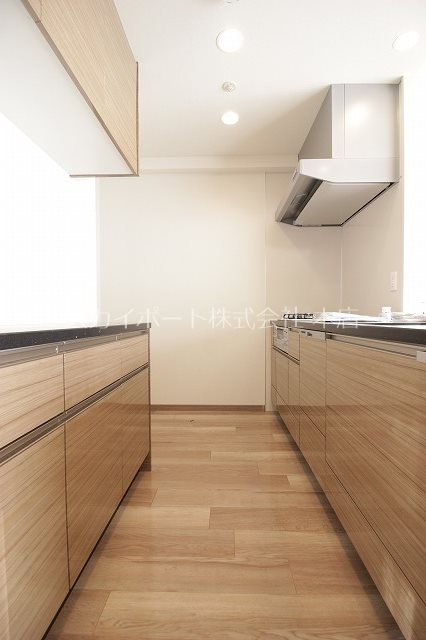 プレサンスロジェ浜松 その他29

* * *

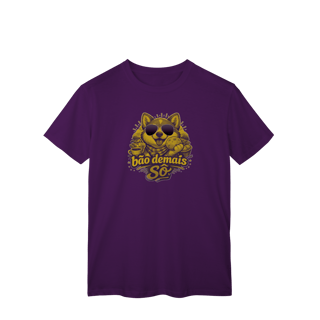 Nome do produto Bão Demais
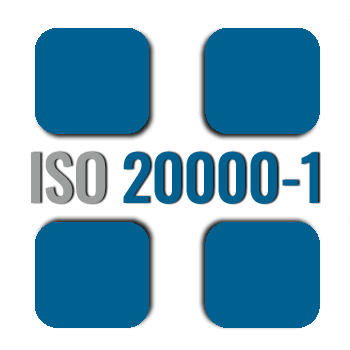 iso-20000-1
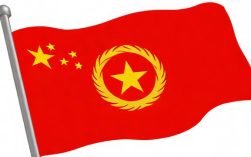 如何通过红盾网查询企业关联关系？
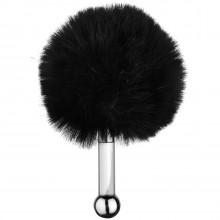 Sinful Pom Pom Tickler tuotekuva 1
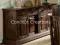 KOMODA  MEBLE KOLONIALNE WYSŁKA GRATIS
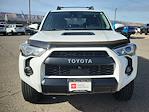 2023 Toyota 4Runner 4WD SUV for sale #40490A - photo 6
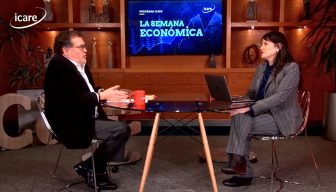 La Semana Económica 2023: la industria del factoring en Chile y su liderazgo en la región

---

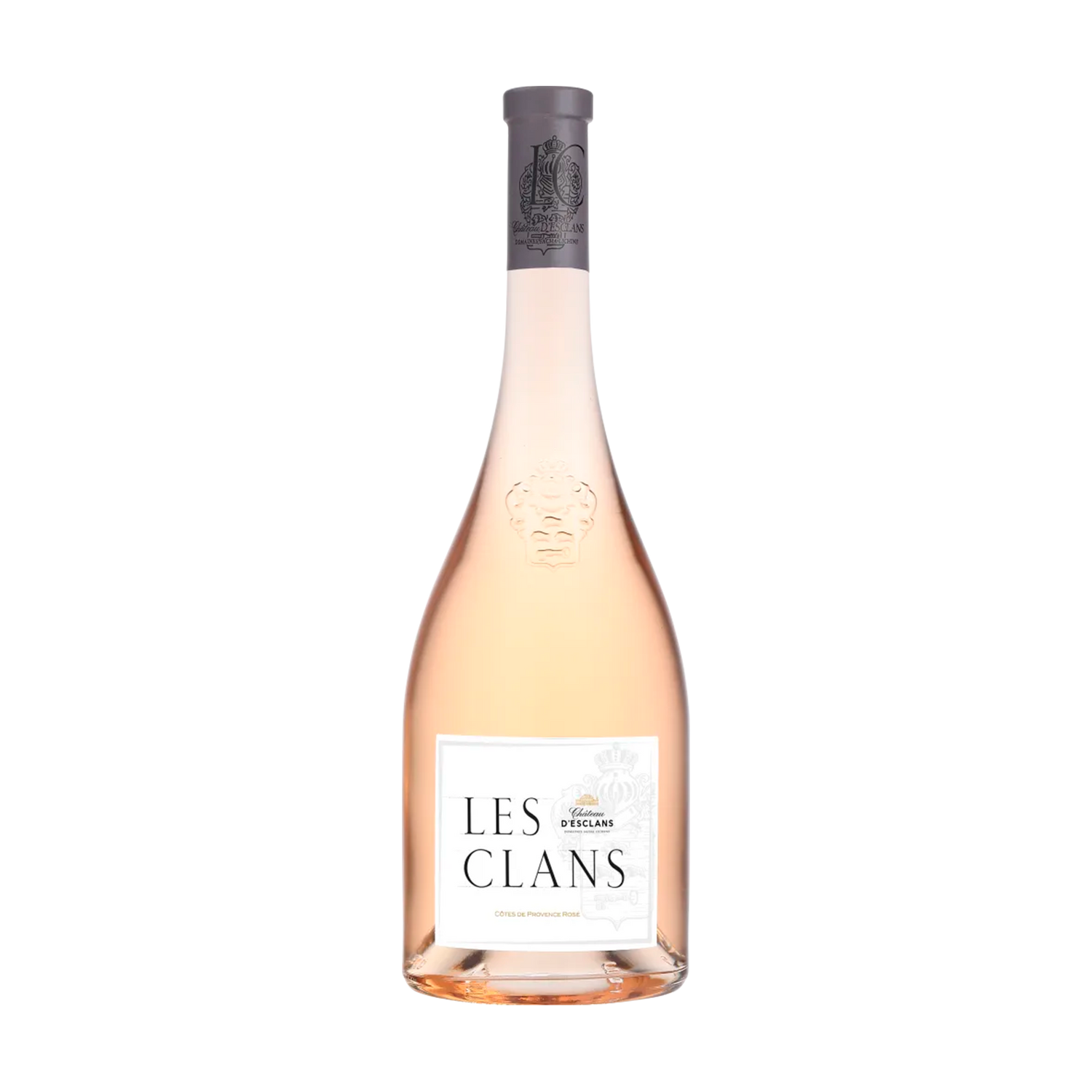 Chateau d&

DESCRIPTION OF THE TASK :: Look above for the line with "Sinful Pom Pom Tickler tuotekuva 1" and the line with "La Semana Económica", then copy them and all lines in between exactly as written, and only those, without any pictures.

FINISHED TASK ::
 Sinful Pom Pom Tickler tuotekuva 1
 KOMODA  MEBLE KOLONIALNE WYSŁKA GRATIS
 2023 Toyota 4Runner 4WD SUV for sale #40490A - photo 6
 La Semana Económica 2023: la industria del factoring en Chile y su liderazgo en la región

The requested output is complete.